31 Oct, 2003 By: Erik Gruenwedel


A group of Canadian music and video retailers representing more than 300 outlets in the country last week began pulling all Rolling Stones CDs and DVDs, and related material.

The boycott by Toronto-based Music World, HMV Canada and Sunrise Records, among others, is in response to the previously reported Nov. 11 scheduled release of Four Flicks, a four-DVD set to be sold exclusively in North America for four months by Best Buy and its Canadian Future Shop subsidiary (VSM, Oct. 12-18).

Longtime Stones concert promoter Michael Cohl created the Stones DVD exclusive for Best Buy independent of the group's label, EMI Recorded Music.

Best Buy's price of $29.99 in the U.S. and $39.99 in Canada for the DVD set edged offers from rival vendors, which would have been $20-$30 higher and “unacceptable to the Stones,” said Cohl in a statement.

“This has never happened in Canada before,” said Dan Kuczkowski, VP/GM of Music World, which is pulling $100,000 worth of product from its shelves. “Everyone has a [unique] opportunity when it comes to marketing and promoting an individual retailer by adding a sampler, poster or CD single. But this is a whole different thing.”

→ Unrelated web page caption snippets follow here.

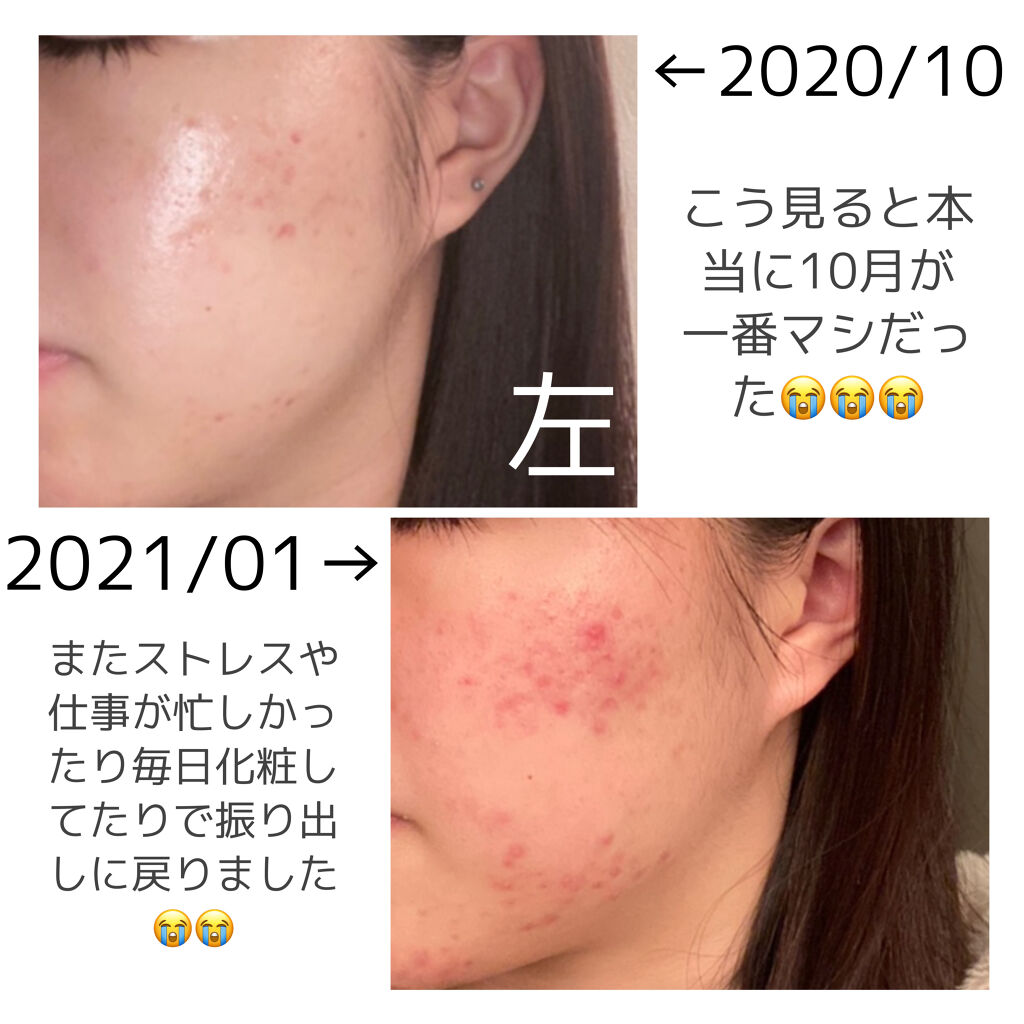 天使の優しさ/ラッシュ/その他洗顔料を使ったクチコミ（2枚目）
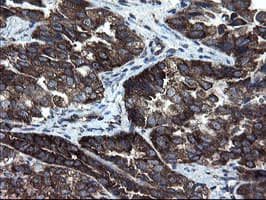 CNOT4 / CLONE243 Antibody (clone OTI1H2)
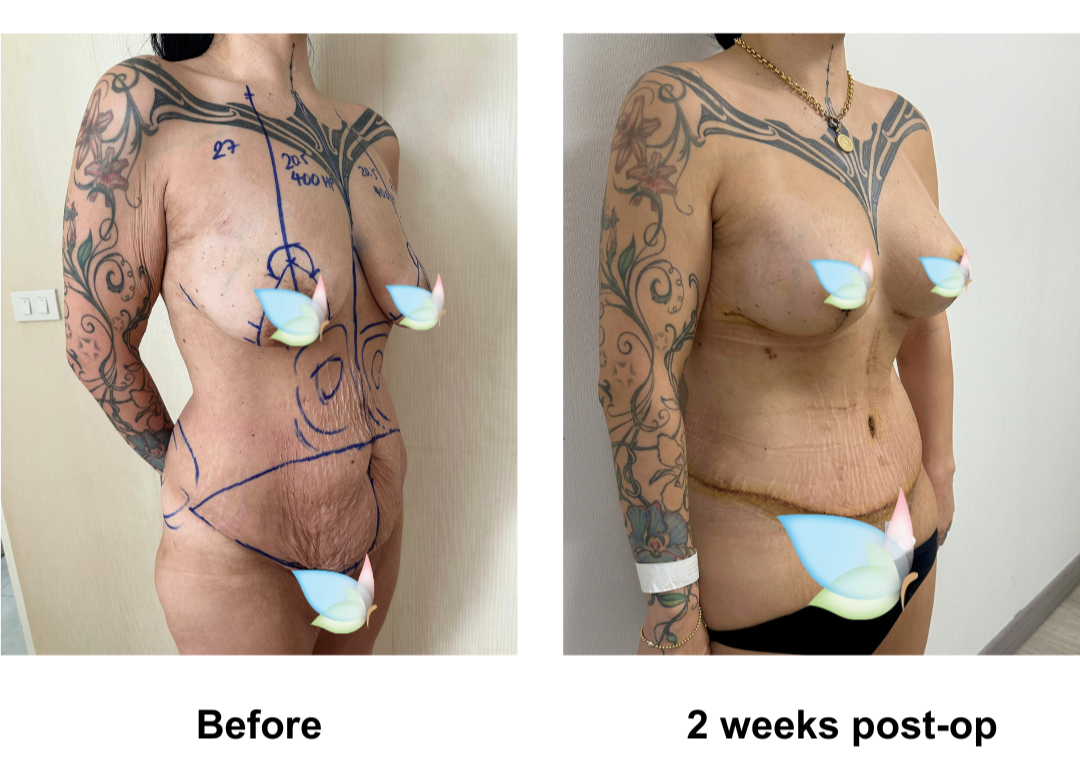 Mihi had BABL (400 HP) + ExTT + Lipo_2 + Mons lift with Dr. Angkana (2)
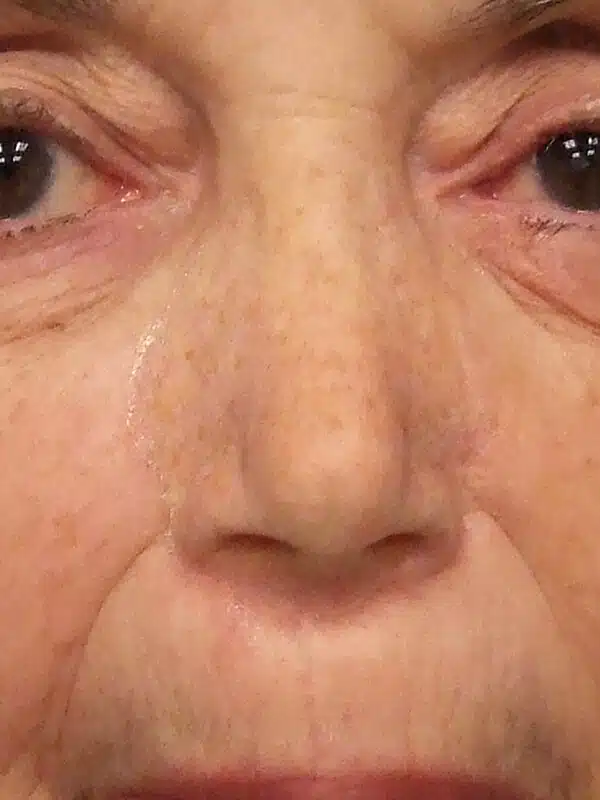 A close up of an older woman 's eyes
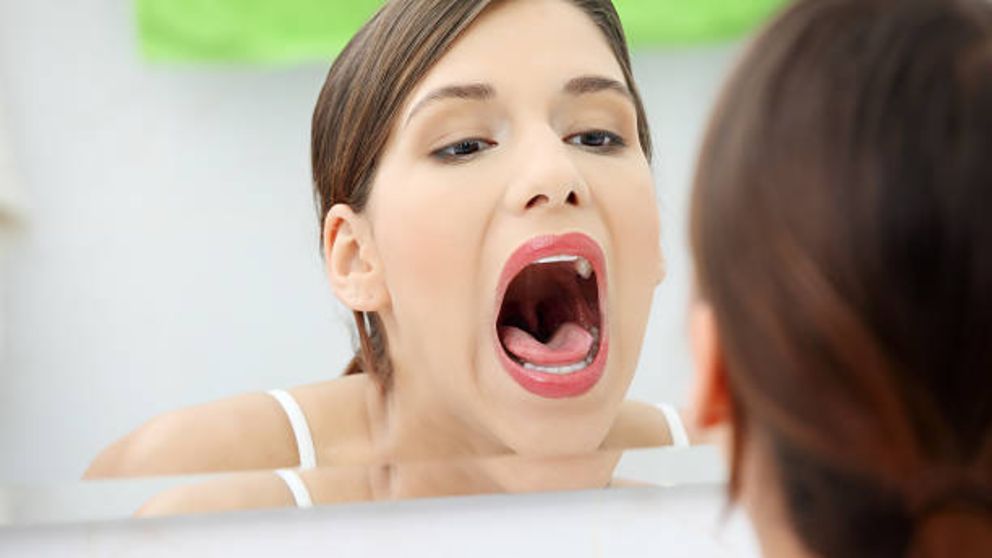 como tratar la estomatitis
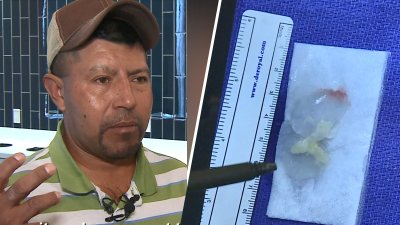 “Vomitaba del dolor”: hispano vivió una pesadilla por una lombriz en su cerebro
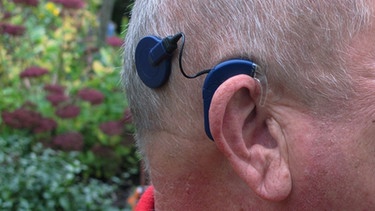 Cochlea Implantat | Bild: picture-alliance/dpa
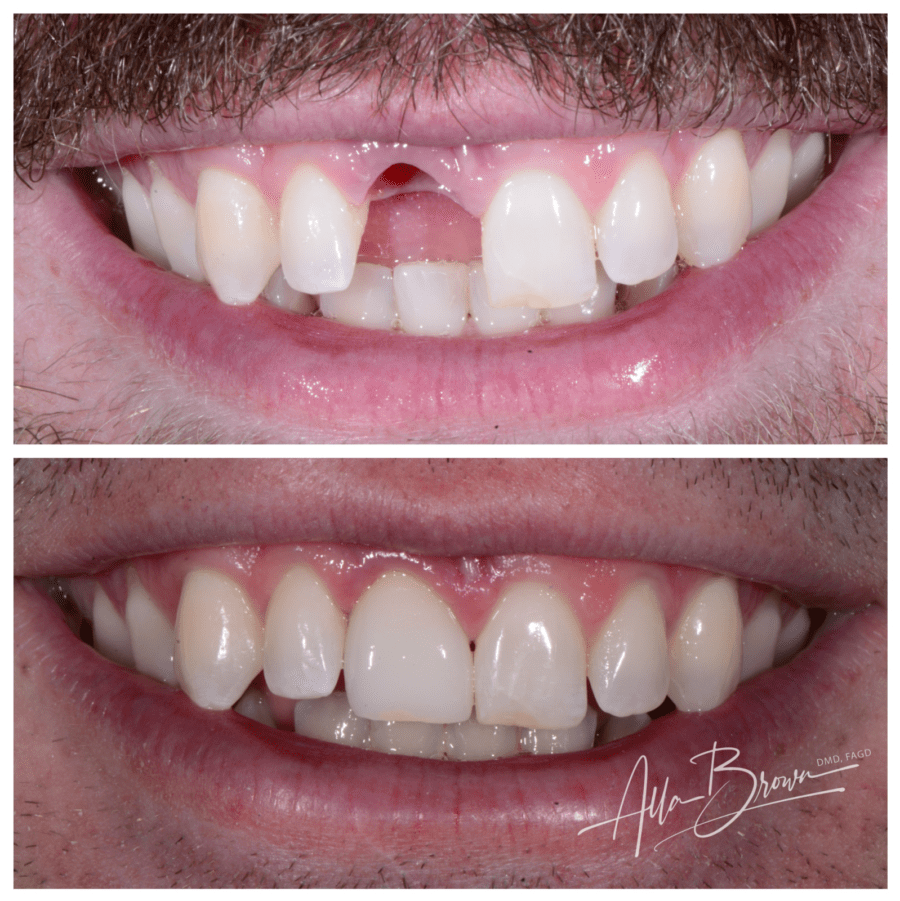 Main Gallery Image 4 | Dental Implant Cases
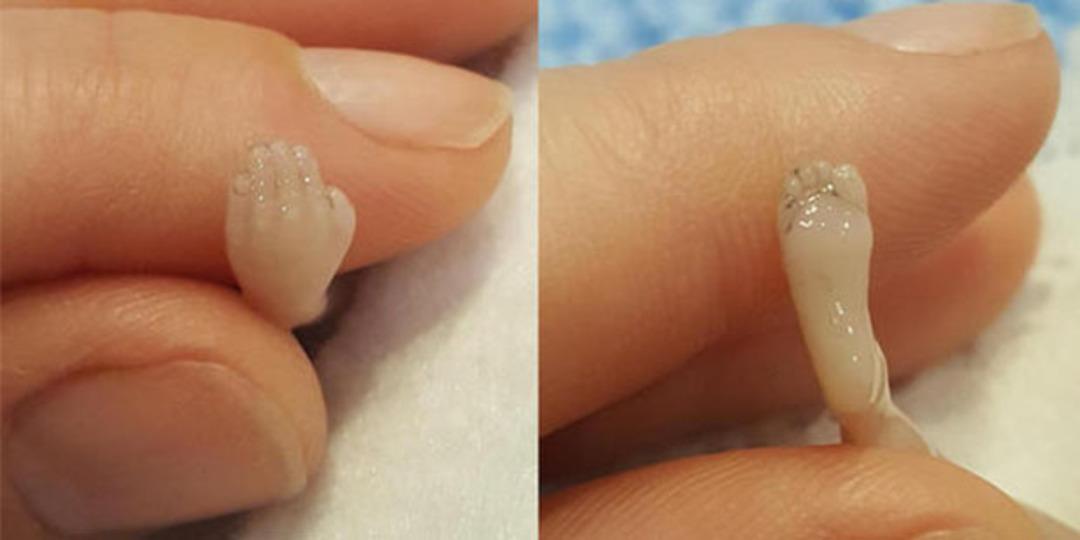 Bu ayaklar 14 haftalık bir erkek bebeğe ait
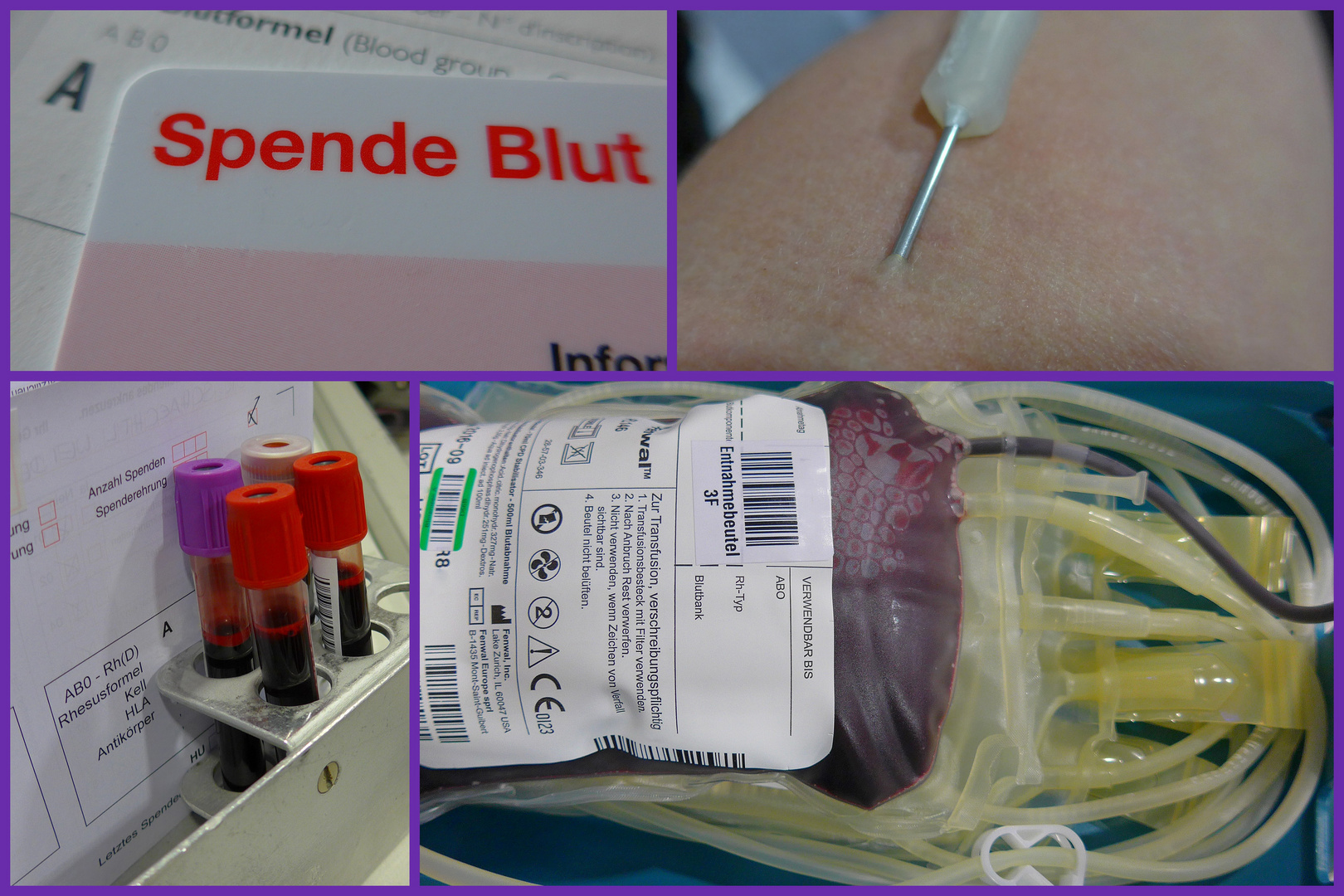 BLUT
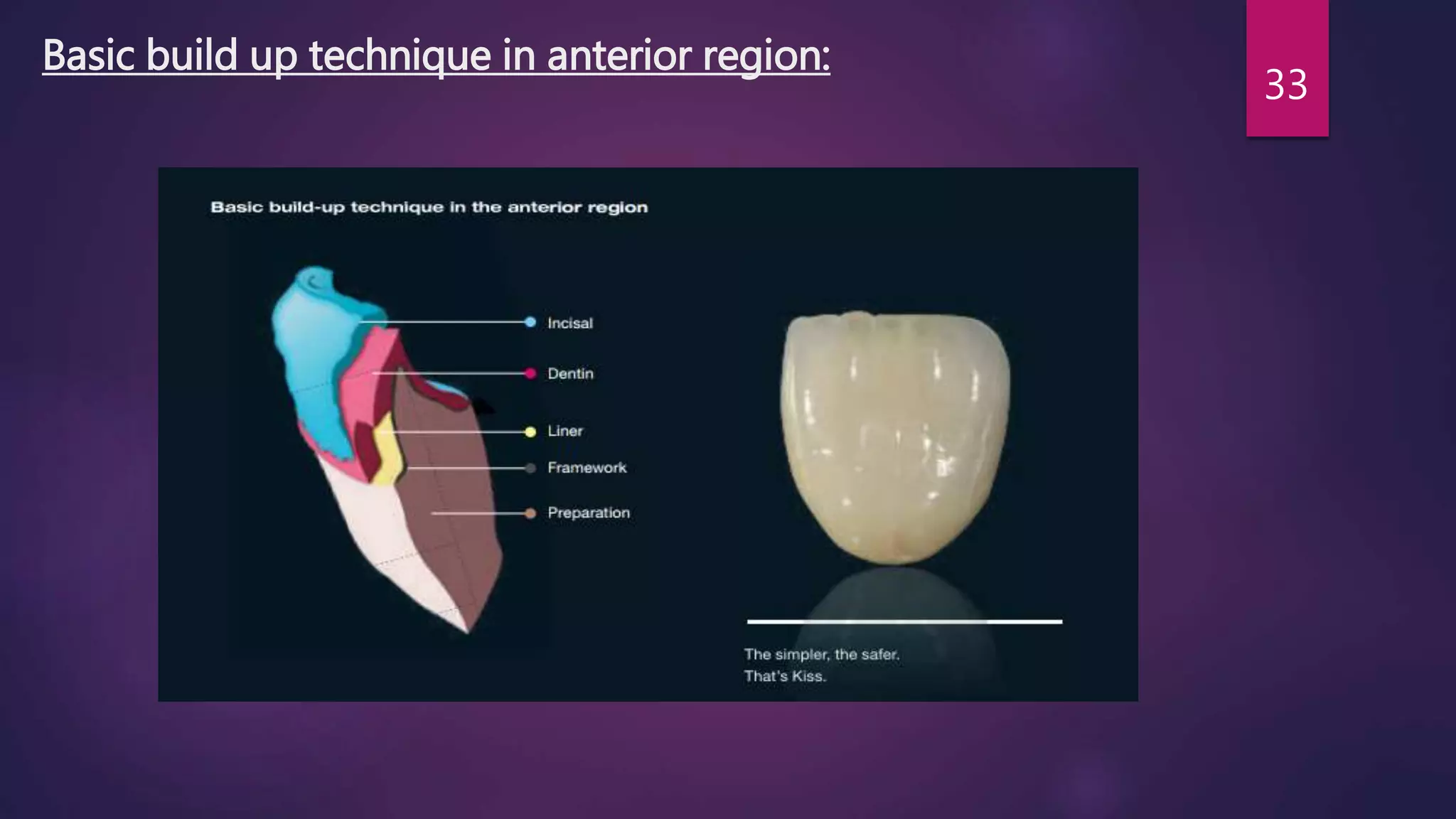 Color science and optics, PROSTHODONTICS | PPTX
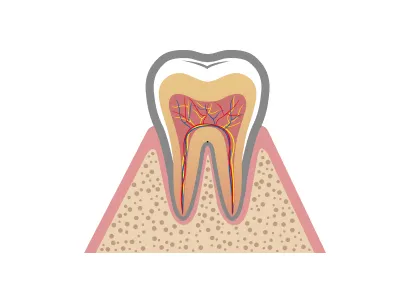 歯垢（プラーク）の蓄積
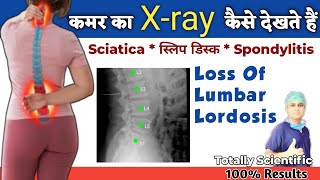 कमर क एकस र कस दख Loss Of Lumbar Lordosis Kya Hota Hai Hindi कमर दरद कय हत ह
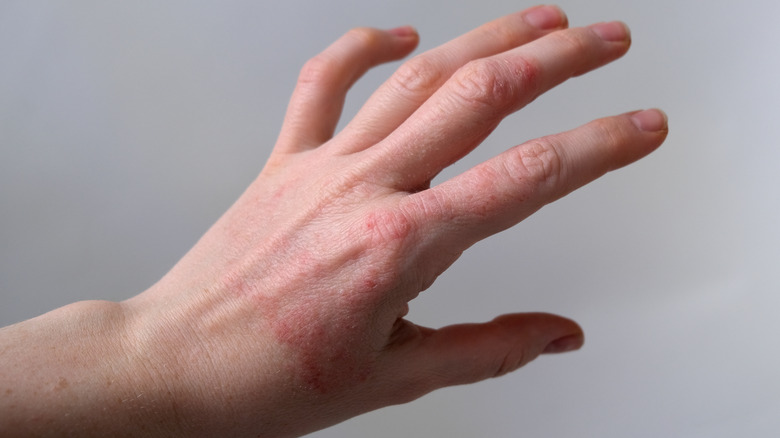 Hand with eczema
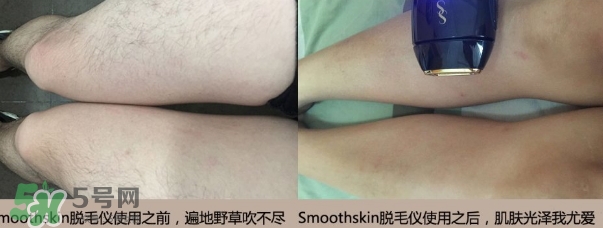 smoothskin和slikn infinity哪個(gè)好？smoothskin脫毛儀怎么樣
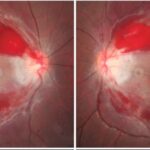 Wernicke encephalopathy: peripapillary retinal hemorrhage, an associated fundus finding reported alongside the classic ocular motility signs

Kuczkowski, whose mall-based Music World derives about 30 percent of its revenue from DVD/VHS, said the Best Buy deal implies the chain is not “good enough” to carry the compilation in the biggest quarter of the year. “This is the time that makes or breaks a lot of retailers,” he said. “What's going to happen when the next Britney Spears product comes out, and it's only available at Wal-Mart? I just can't sit here and not do anything about it.”

Reaction in the United States appeared confined to 24-store Newbury Comics in Brighton, Mass., which said it would scale back from 45 Stones titles to 15 and reportedly raise unit prices more than 18 percent. “If enough people take a stand on this kind of stuff there certainly will be an impact,” said Mike Dreese, CEO of Newbury Comics.

With traditional music retailers accounting for 70 percent of Canadian music and DVD sales, the exclusive will reach about 15 percent of the market, according to Tim Baker, head buyer at Sunrise Records. “We object that Canada is always lumped together with the United States as an afterthought when determining North America distribution deals,” Baker said. Baker criticized U.S. music retailers and the record companies for allowing the nontraditional retailers like Best Buy and Wal-Mart to take over the music business. “Our customer does not want to go into a store to buy music where they can also buy washing machines and dishwashers,” Baker said.

HMV Canada president Humphrey Kadaner said the Stones boycott will cost his company up to $1 million in lost revenue through the holidays.